Crawl Space

You know what’s even harder than founding a new artist collective?
Keeping that artist collective going well after the first blush of
publicity.

Crawl Space began in 2003 with six artists. Just recently, the
collective hired its first managing director, Jennifer Campbell, who
will help to free the exhausted member-artists. Amazingly, the changing
roster has been able to maintain this inconveniently L-shaped and
out-of-the-way Capitol Hill gallery as a place where, if you miss the
show, you’ll regret it every time.

That’s not to say that all the shows at Crawl Space are hits, but
plenty are, and they exist on their wits alone. Take, for instance,
Coming of Age, a national video survey curated by Seattle Art
Museum’s Marisa Sanchez this winter, or the recent The
Shining
–obsessed video and sculpture installation by Eugene
artist Mike Bray. Crawl Space has no right to be so good. Just the
will. JEN GRAVES

Art Klatch

It has been more than a year since contemporary art dealer Scott
Lawrimore began paying for other people’s coffees and brioches every
Tuesday morning.

It began at the IHOP on Capitol Hill, but the booths were too small
and the atmosphere too ironic, so Lawrimore moved his moderated
conversation about art and culture to the nearby Cafe Presse, where
anybody is welcome to show up and talk, or just listen.

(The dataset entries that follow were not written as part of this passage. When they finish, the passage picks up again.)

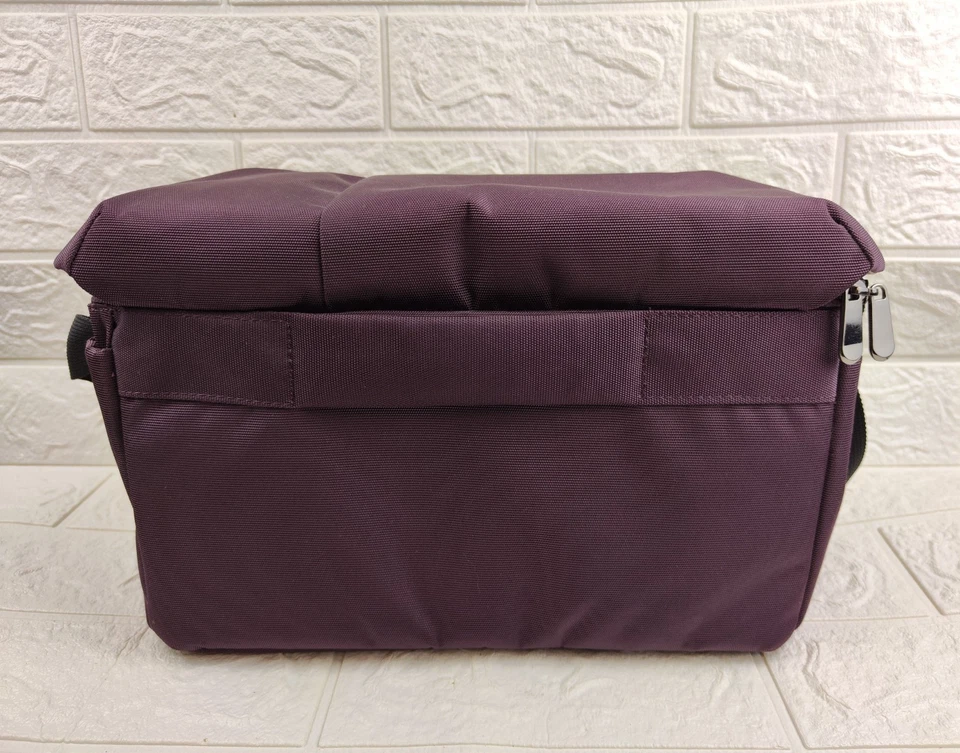 Bolso para cámara Aha Urban Style Viale 160 SLR, color ciruela Foto 2 de 4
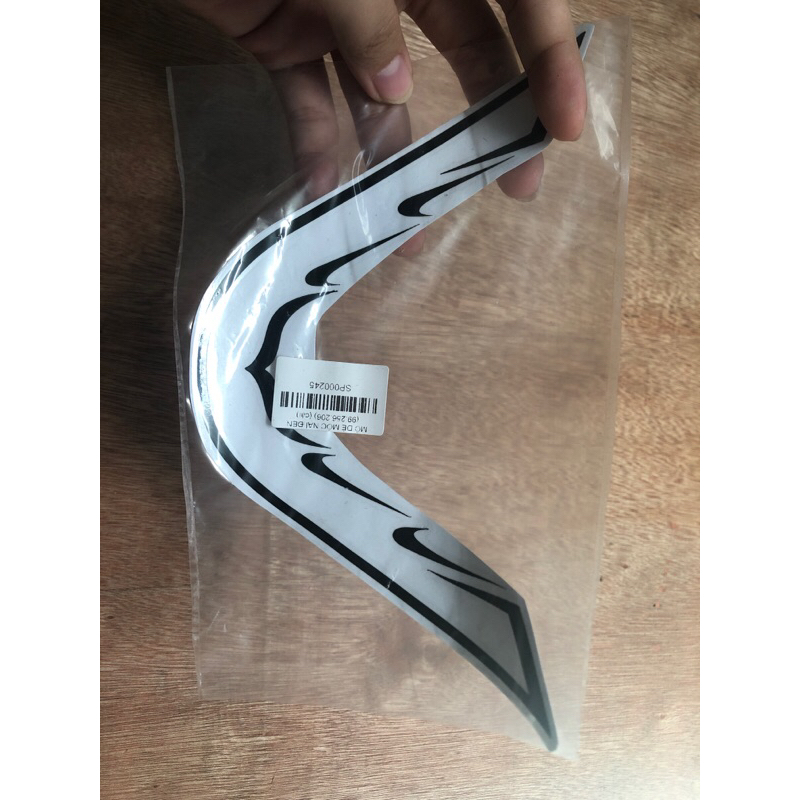 Mỏ Dè Móc Nai Đen Decal in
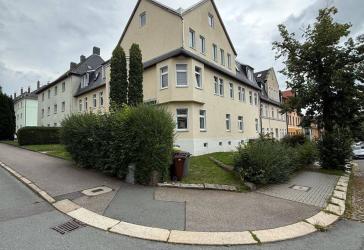 Gemütliche 3-Zimmer mit Laminat, Balkon und Wannenbad in ruhiger Lage
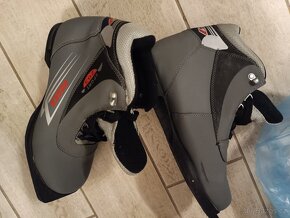 Boty na běžky, běžecké, vel. 36, 39, 40, 41, 46 390 Kč za ks - 4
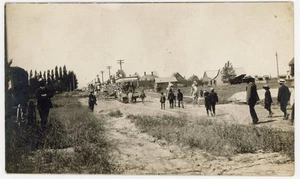4. Juli Parade RPPC patriotischer Rainier Bier Schwimmer & Flagge - kostümierter Radfahrer - Bild 1 von 4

Thankfully, Lawrimore is always prepared with a ready supply of
ideas and recent experiences to throw out there, and he runs the
proceedings but by no means governs them. Everyone who wants a say has
it, and whenever visiting artists are in town—Dario Robleto (for
his show at the Frye), Oliver Herring (before TASK at the
Central Library)—they show up bright and early, ready to be
assailed with questions and comments, fawning and cynicism. It really
is an open forum that also happens to be free and live and in person.
You’d have to try in order to leave Klatch without a new thought
in your head. JEN GRAVES

Free Sheep Foundation

Before the Bridge Motel in Fremont went down in September 2007, a
bunch of artists organized a flaming, one-night-only public wake. They
did the same thing for the Belmont Building on Capitol Hill in
November. This summer, they formally incorporated and made it their
mission to dress up corpses all over town.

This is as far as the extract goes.